# FB: wow! 1905 Ferris wheel $25,000 Columbus, OH



## Hastings (Apr 4, 2022)

Very cool thought it was worth sharing. Not sure on the market price…probably slowly sliding down the wall. People think big boats are ‘the sign’ of wealth.. I think put a 100+ Year old Ferris wheel in your yard..the stories this thing could tell.


----------



## Hastings (Apr 4, 2022)

Log in or sign up to view
					

See posts, photos and more on Facebook.




					www.facebook.com


----------



## Freqman1 (Apr 4, 2022)

The neighbors would hate me!


----------



## New Mexico Brant (Apr 4, 2022)

Freqman1 said:


> The neighbors would hate me!



But their kids, and grand kids would think differently.


----------



## OldSkipTooth (Apr 4, 2022)

Death trap anyone?


----------



## gkeep (Apr 5, 2022)

OldSkipTooth said:


> Death trap anyone?



I wonder who sells insurance for these?😆


----------



## Risk Man (Apr 6, 2022)

gkeep said:


> I wonder who sells insurance for these?😆



Our homeowner's carriers we write with won't even allow a trampoline! 🙃


----------



## Freqman1 (Apr 6, 2022)

OldSkipTooth said:


> Death trap anyone?



C'mon what could go wrong here?😝


----------



## Nashman (Apr 6, 2022)

I feel a splinter in my azz. Look at those seats!!


----------



## New Mexico Brant (Apr 6, 2022)

I was out on that property last November.  Crazy amount of stuff in multiple buildings.  Zany prices for much of it as well.  They have a heap of bicycles too.  Some of the pictures can be viewed on my Road Tripping thread.


----------



## kreika (Apr 6, 2022)

The shear cost of disassembly, transportation, and then refurbishment. Oh my! $$$


----------



## Frank and Pam Skid Kings (Apr 6, 2022)

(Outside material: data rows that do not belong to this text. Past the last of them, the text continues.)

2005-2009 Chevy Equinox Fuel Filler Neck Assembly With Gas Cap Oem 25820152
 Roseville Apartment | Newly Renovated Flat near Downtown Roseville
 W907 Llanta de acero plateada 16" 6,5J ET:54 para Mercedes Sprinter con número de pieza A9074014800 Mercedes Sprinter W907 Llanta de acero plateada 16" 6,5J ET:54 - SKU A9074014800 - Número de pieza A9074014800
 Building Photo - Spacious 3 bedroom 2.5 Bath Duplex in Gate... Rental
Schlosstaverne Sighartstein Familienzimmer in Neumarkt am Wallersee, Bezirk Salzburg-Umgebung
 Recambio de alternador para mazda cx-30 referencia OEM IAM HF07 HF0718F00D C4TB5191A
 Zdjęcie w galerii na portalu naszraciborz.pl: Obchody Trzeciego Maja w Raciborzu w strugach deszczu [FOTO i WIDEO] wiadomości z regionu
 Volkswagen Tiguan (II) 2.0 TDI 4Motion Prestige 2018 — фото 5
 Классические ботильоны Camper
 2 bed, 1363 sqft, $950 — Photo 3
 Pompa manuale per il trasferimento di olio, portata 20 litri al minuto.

But...it is cool as heck !


----------



## PCHiggin (Apr 6, 2022)

Any Detroit area guys Remember King Animal Land an Gratiot or Riverland on Van Dyke? Their ferris wheel and other kiddie rides sat derelict for years. I heard it all sold eventually


----------



## razinhellcustomz (Apr 9, 2022)

Frank and Pam Skid Kings said:


> But...it is cool as heck !



Let's all pool our money and we could put it in my HUUUUGE back yard... That's just COOOL as all get out...


----------



## Hastings (Oct 17, 2022)

Incase anyone bought the Ferris wheel this would be a nice accent. Just cool to see this stuff. So.. This is the official cool old circus amusement ride etc that’s listed for sale thread. 






						Log into Facebook
					

Log into Facebook to start sharing and connecting with your friends, family, and people you know.




					www.facebook.com


----------



## stingrayjoe (Oct 29, 2022)

For the authentic carnival sound you will need the calliope playing as the Ferris wheel turns....


----------